**GIVEN RECORDS**:
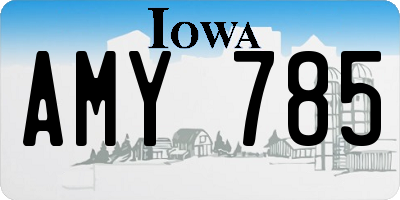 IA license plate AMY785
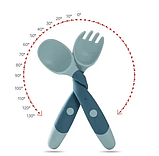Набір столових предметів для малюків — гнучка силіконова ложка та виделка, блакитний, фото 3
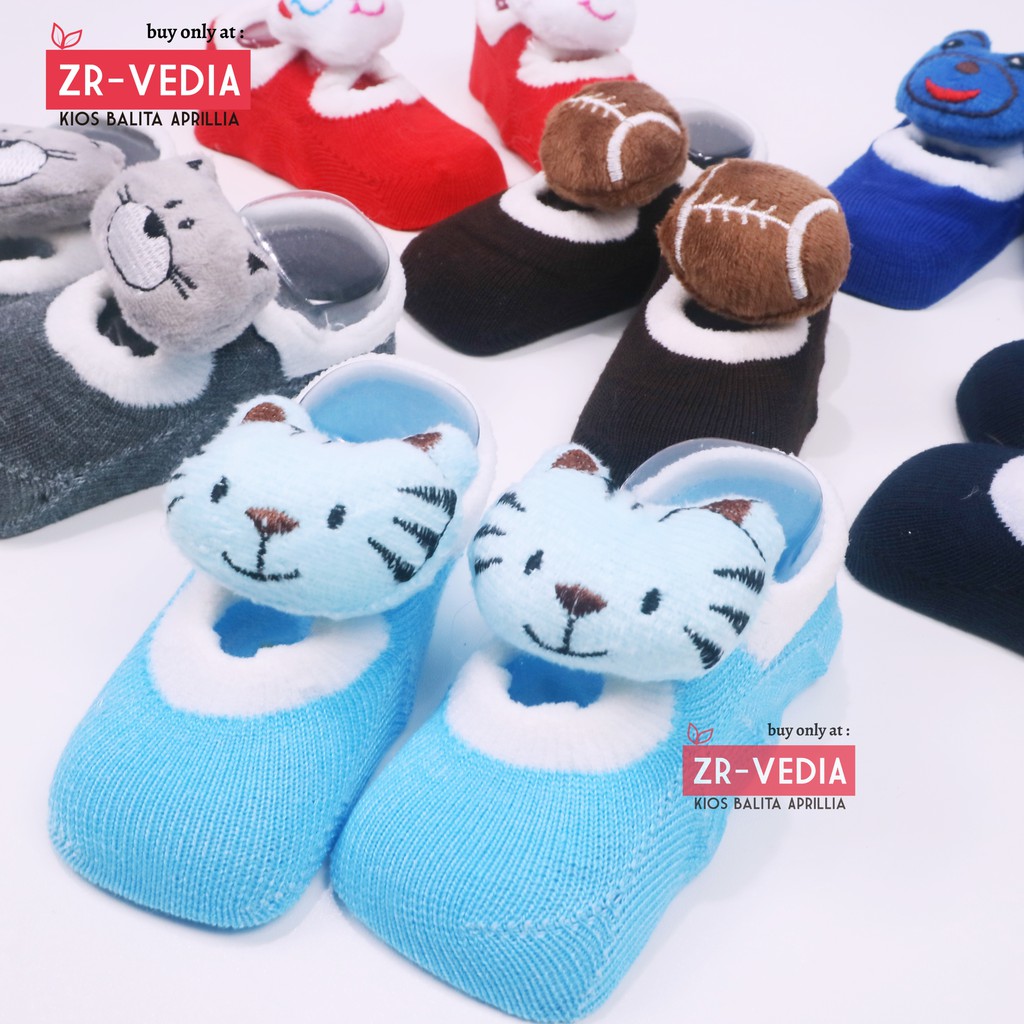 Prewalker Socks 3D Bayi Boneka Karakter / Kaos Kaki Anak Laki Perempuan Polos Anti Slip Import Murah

--

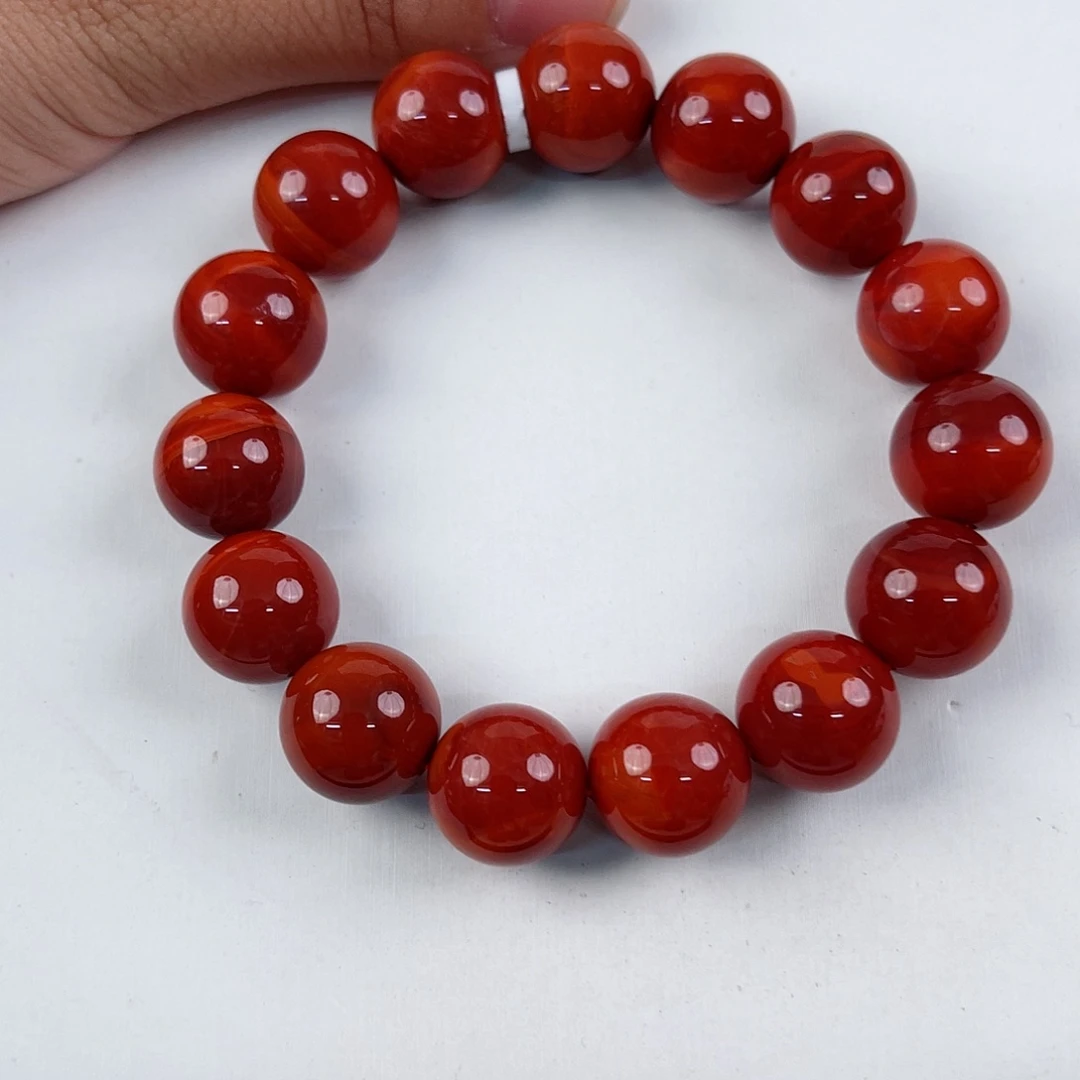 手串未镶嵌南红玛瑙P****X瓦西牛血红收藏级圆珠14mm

...

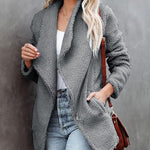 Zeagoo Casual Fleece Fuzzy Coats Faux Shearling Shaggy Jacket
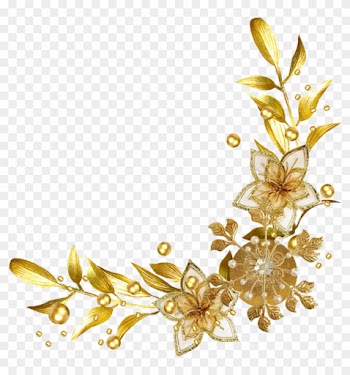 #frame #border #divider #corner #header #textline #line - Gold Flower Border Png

**WORK ORDER**:
Please repeat, exactly as written, the lines in the records above, starting with the one that has "IA license plate AMY785" and going on through the one that has "Prewalker Socks 3D". Pictures are to be left out.

**COMPLETED EXERCISE**:
 IA license plate AMY785
Набір столових предметів для малюків — гнучка силіконова ложка та виделка, блакитний, фото 3
 Prewalker Socks 3D Bayi Boneka Karakter / Kaos Kaki Anak Laki Perempuan Polos Anti Slip Import Murah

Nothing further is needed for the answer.